# To do:
In the data below, locate the line containing "Off White Kitchen" and the line containing "MS license plate LVF042", then retype both and everything between them exactly. Pictures are not part of the copy.

---------- Given entries

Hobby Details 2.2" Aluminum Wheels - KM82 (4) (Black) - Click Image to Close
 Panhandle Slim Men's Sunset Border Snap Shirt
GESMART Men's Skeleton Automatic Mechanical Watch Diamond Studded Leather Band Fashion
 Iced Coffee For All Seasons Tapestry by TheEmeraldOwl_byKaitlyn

--------------------
---------- Given entries

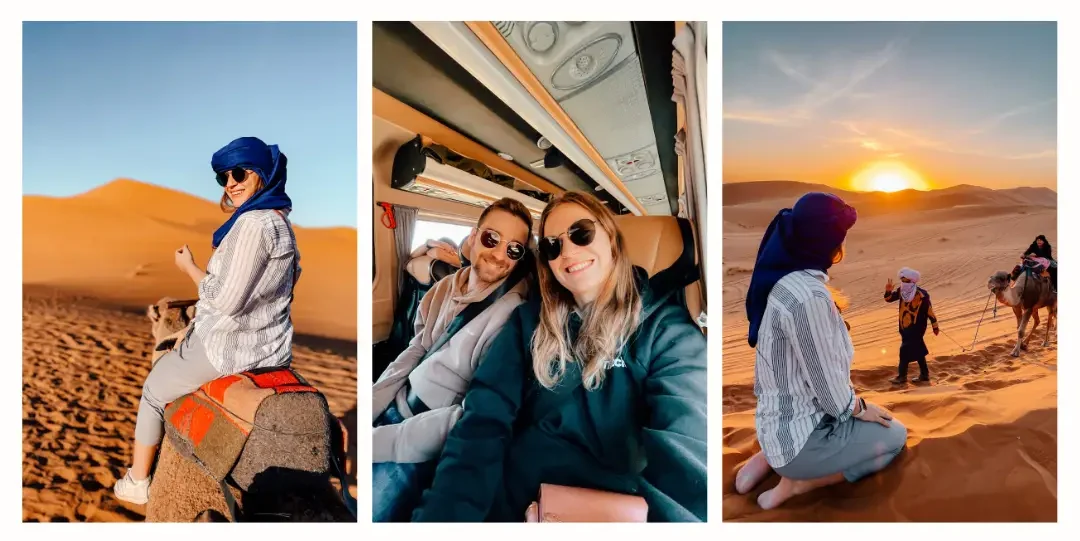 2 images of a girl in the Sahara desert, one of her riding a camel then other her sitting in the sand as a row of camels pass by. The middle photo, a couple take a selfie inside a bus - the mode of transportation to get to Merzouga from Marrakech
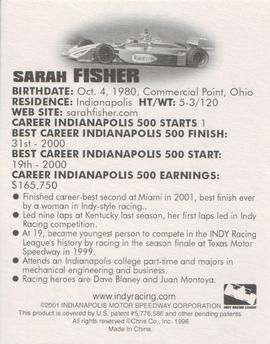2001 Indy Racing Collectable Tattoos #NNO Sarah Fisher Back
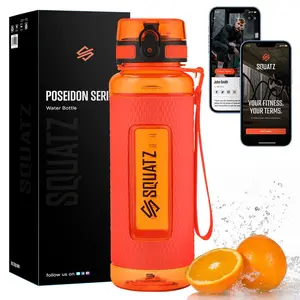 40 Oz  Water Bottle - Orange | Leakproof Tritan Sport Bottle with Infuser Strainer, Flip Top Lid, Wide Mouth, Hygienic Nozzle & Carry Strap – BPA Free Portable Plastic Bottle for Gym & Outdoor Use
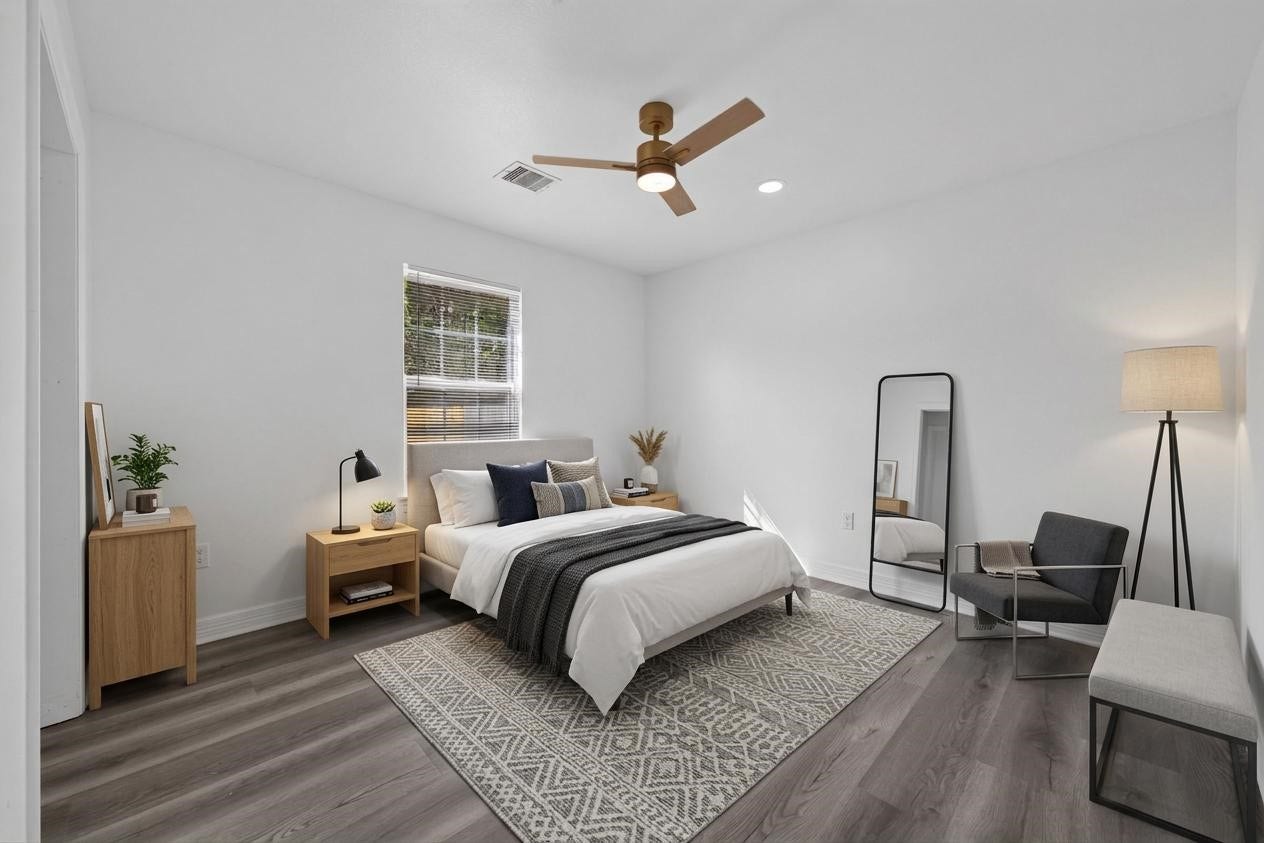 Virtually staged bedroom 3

--------------------
---------- Given entries

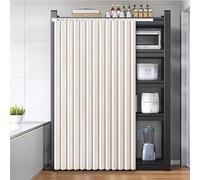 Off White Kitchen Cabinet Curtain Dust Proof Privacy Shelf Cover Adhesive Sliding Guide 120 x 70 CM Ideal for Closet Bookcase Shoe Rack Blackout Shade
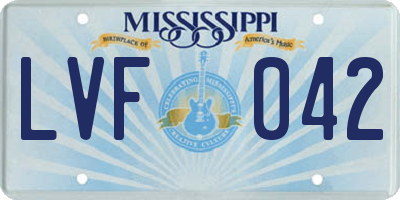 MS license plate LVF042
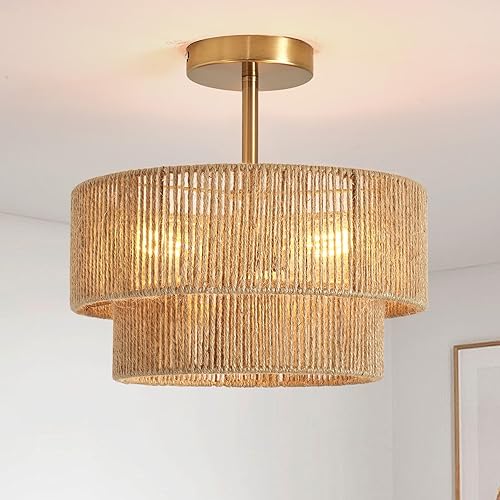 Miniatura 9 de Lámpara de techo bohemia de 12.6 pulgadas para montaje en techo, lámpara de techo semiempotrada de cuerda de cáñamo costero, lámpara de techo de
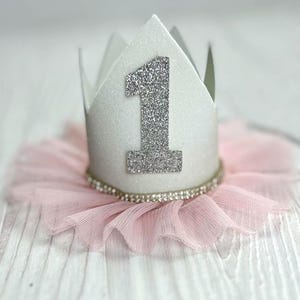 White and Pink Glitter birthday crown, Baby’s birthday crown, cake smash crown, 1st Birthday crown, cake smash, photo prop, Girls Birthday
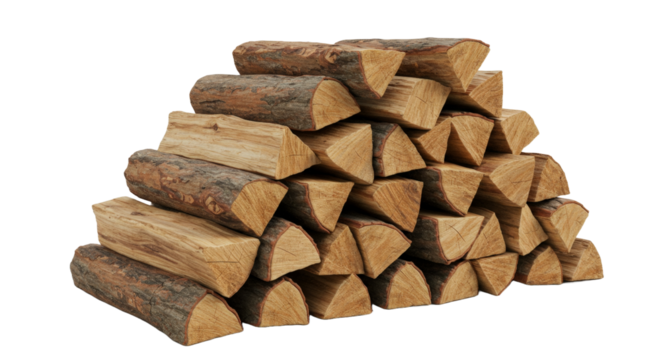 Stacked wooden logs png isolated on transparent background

--------------------

# Expected output:
 Off White Kitchen Cabinet Curtain Dust Proof Privacy Shelf Cover Adhesive Sliding Guide 120 x 70 CM Ideal for Closet Bookcase Shoe Rack Blackout Shade
 MS license plate LVF042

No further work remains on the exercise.